Federal Regulators Direct Banks To Scrutinize Loans To Illegal Aliens
Authored by AG News Staff via American Greatness,
Federal banking regulators have closed a long-standing loophole that allow illegal immigrants borrow money from U.S. financial institutions with little scrutiny of their legal status.
The Office of the Comptroller of the Currency (OCC), the Federal Deposit Insurance Corporation (FDIC), and the National Credit Union Administration (NCUA) jointly advised that banks "might consider" requiring customers to produce "evidence of continuing work authorization" and other documentation when assessing whether a borrower can repay a loan. The agencies also directed banks to watch for risky concentrations of lending in "geographic markets, employers or industries" that could be "disproportionately affected" by the Trump administration's expanded immigration enforcement.

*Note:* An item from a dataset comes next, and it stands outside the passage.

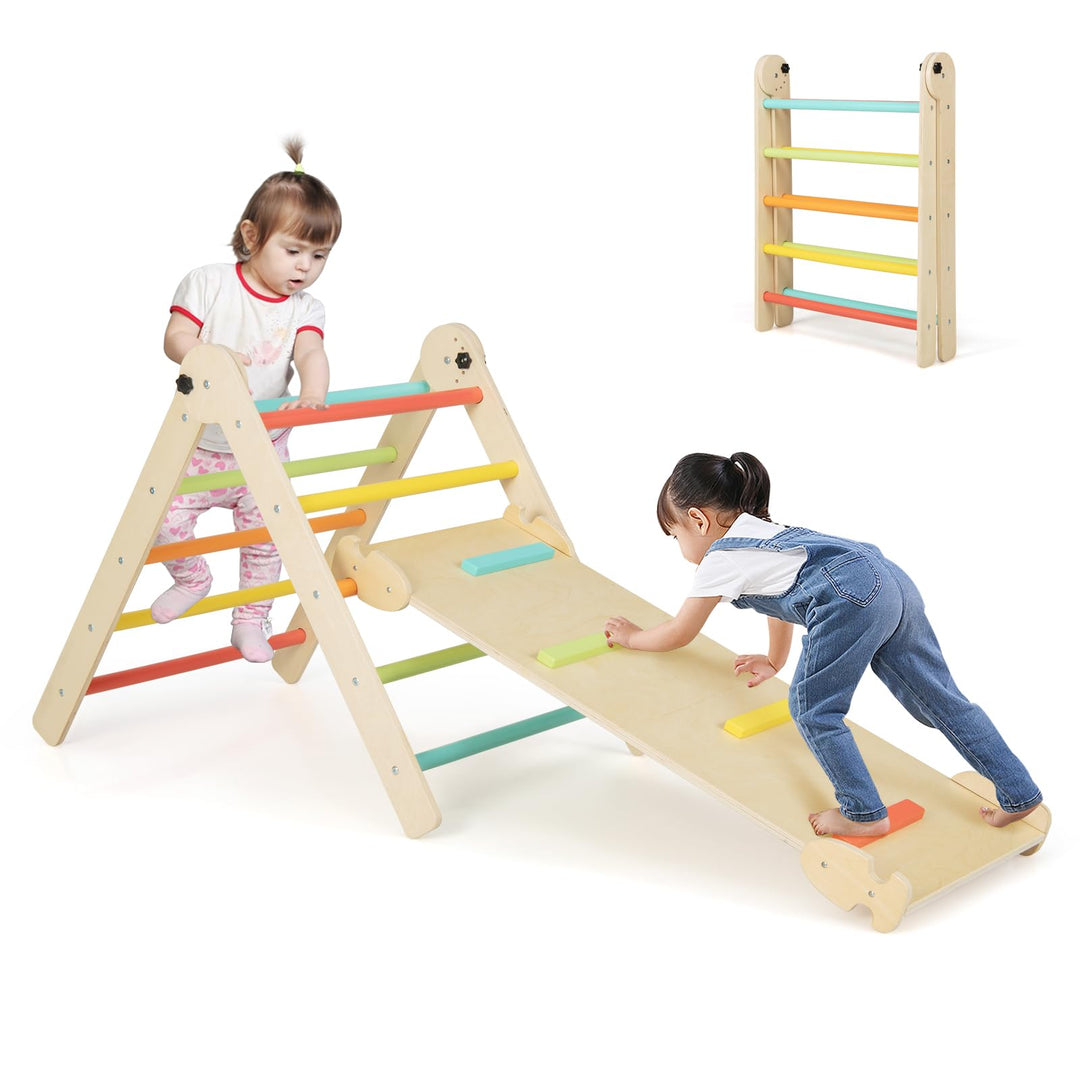 COSTWAY Kletterdreieck mit Rutsche, Sprossendreieck Holz klappbar & höhenverstellbar, inkl. doppelse
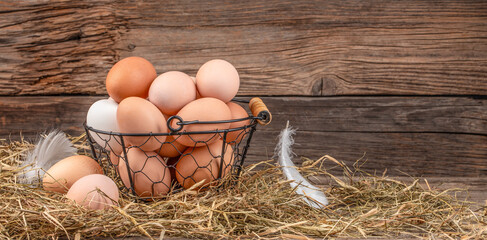 basket of fresh chicken eggs on wooden table. eco poultry farm, free range chicken farm. Long...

The guidance carries out President Donald Trump's executive order signed in May, "Restoring Integrity to America's Financial System," which sought to cut off illegal immigrants' access to the U.S. banking system. That order directed the Treasury Department and financial regulators to draft stricter due-diligence standards for verifying customer identities and evaluating loans to people in the country illegally.
Current federal law does not bar banks from serving illegal immigrants, an omission the administration has moved to address after sustained pressure from supporters of Trump's deportation agenda, who have pushed the White House to cut illegal immigrants off from the financial system entirely as part of a debanking effort.
Trump signaled he wants the crackdown to go even further than the executive order. In a Truth Social post last month, he said bank accounts used to "enable" illegal immigration should be shut down and seized outright, though he offered no specifics on how such seizures would be carried out.
The Consumer Financial Protection Bureau (CFPB) reinforced the administration's approach last month with its own guidance, cautioning banks about the credit risks tied to lending to immigrants who lack legal work authorization.